I don’t remember, but it seems like he listened to the devil most often, and it always ended up badly. Which, considering even a TV show needs “conflict” to keep it interesting, there’s no surprise there.
Do you ever feel like that? That you have this war going on within your head? I do… and way too often! But instead of trying to convince me to go be mean to Steve Urkel, it’s telling me that I’m not good enough. It’s showing me every fault I have and shoving it down my throat and convincing me why I will never succeed.
And I gotta tell you. It gets old after a while.

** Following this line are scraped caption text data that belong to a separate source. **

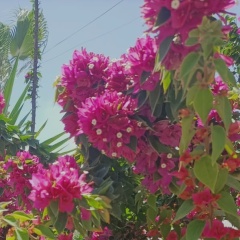 Svetlana Djagileva, Алматы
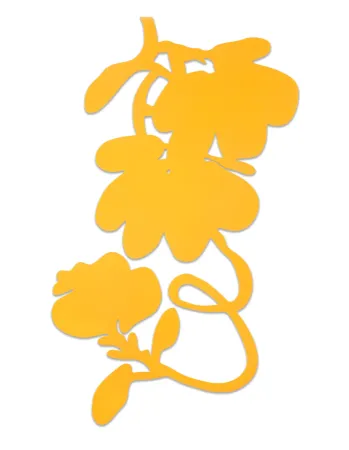 Múltiple Sultan - Lantern Flowers (Yellow)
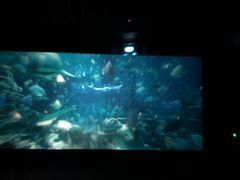 -银兴国际影城(永旺梦乐城吴中店)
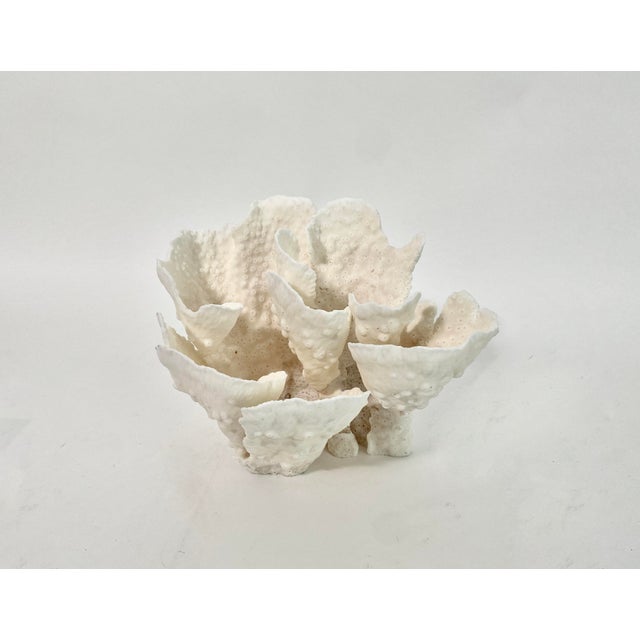 White Natural Cup Coral Specimen For Sale - Image 8 of 8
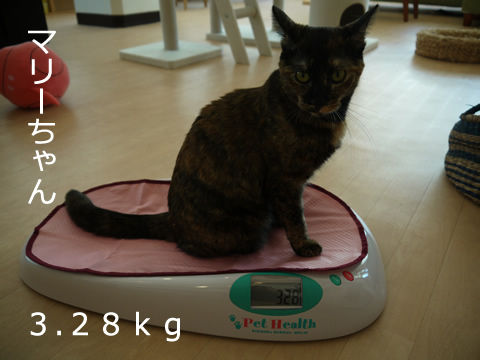 猫式ブログ~里親募集型猫カフェ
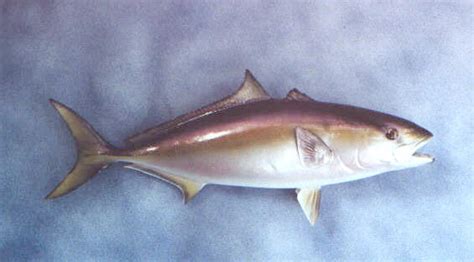 Amberjack - Recipes Wiki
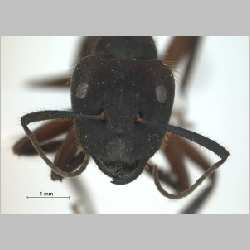 Camponotus (Myrmotarsus) sp 5 of SKY   frontal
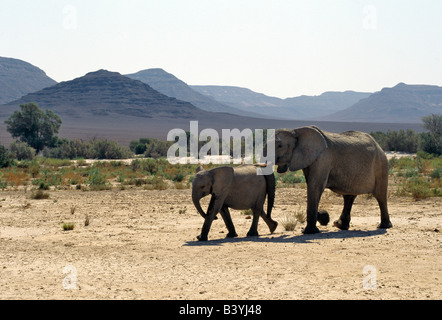 Namibia, Skeleton Coast, Hoarusib River. Eine Elefantendame "Wüste" und ihre Nachkommen überqueren den saisonalen Hoarusib Fluss.  Eine Dauerwelle Stockfoto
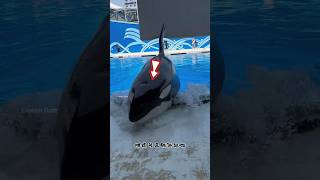 Giant Whale Surfaces at Water Park shortsvideo [upl. by Waldack]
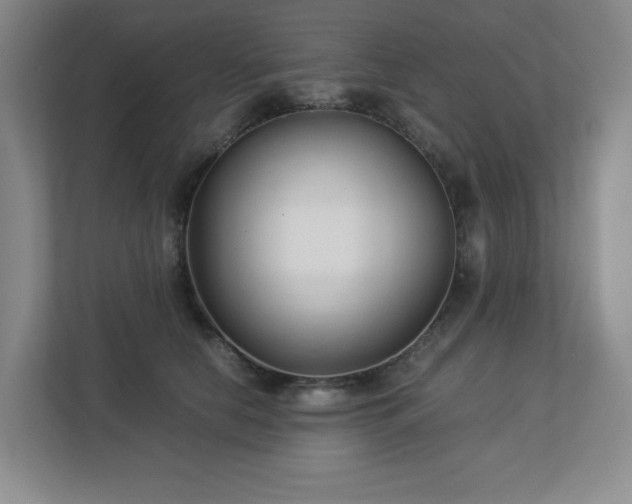 X0000113040658200909031313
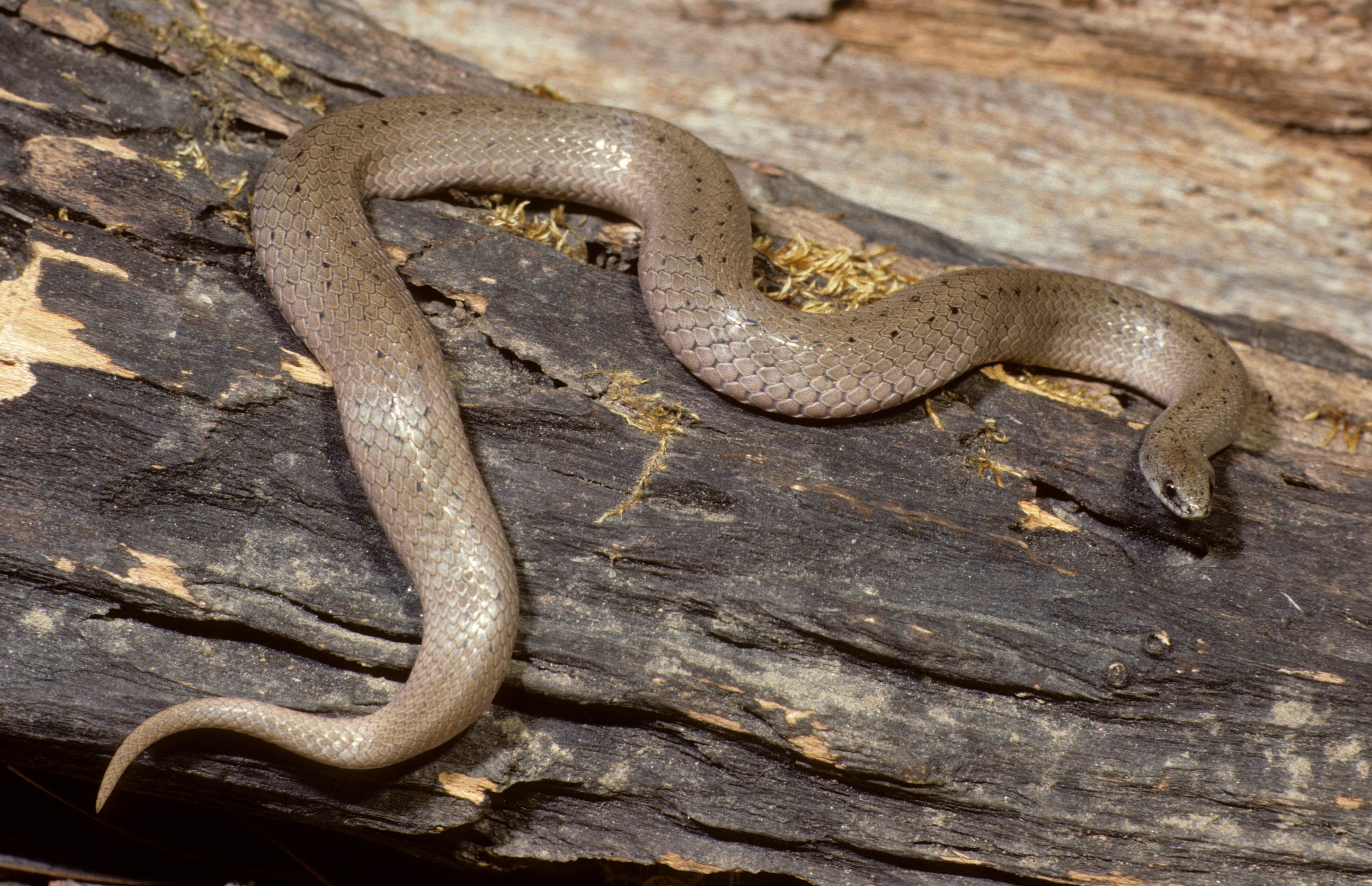 Hognose Snake Doesn't Play Dead Anymore - Reptiles Magazine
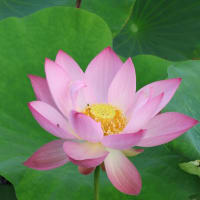 前回のブログで、蓮の花を見に行って、花は皆無で有る事を投稿致しましたが、凡そ1週間に為り、再度今日開花の状態を見て来ました、ボチボチと花を看る事が出来雨の落ちぬ間に急いで帰宅しました。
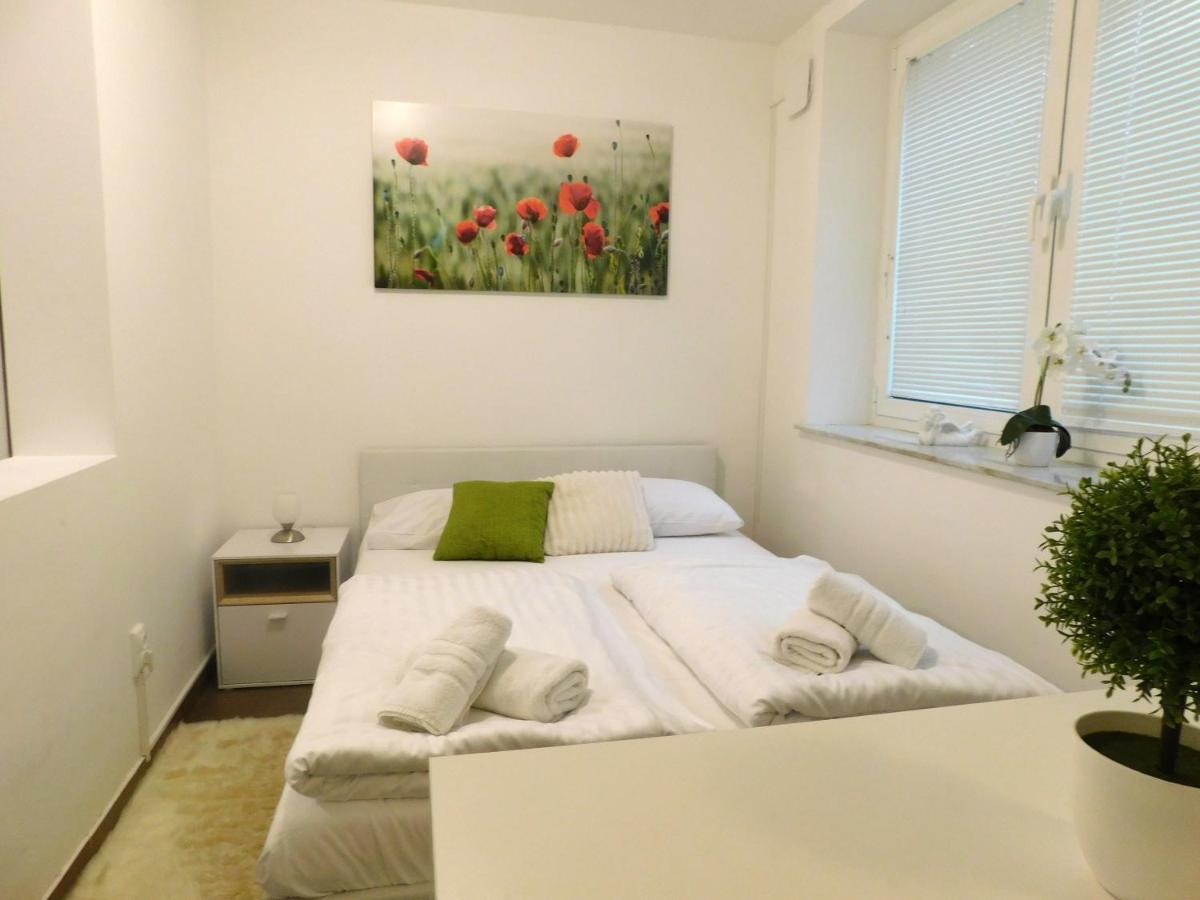 Modern Center Studio Under The Castle - Free Parking Apartment Ljubljana Luaran gambar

And a part of me gulps, because what if I’m really NOT good enough? I mean, we all hear to make sure our stuff is our BEST before we put it out there, but how come I can always find a way to make my stuff better? Will it EVER be my best? The best of authors say they are always learning and getting better… so how do we know when we are “good enough” to proceed?
So, while I don’t want to give the devil any credence and would love nothing more than to take my little index finger and flick him off my shoulder, I have to wonder sometimes if it’s really him talking or if it’s God telling me to edit more, write more, learn more.
I’d love to tell you I have this GREAT awesome answer to this and have SEEN THE LIGHT.
But I don’t.
Instead, I’d love to know the following: Am I the only one out there that struggles with this self-doubt? And if you do as well, how do you overcome? How do you differentiate between the devil’s put downs and simply facing reality?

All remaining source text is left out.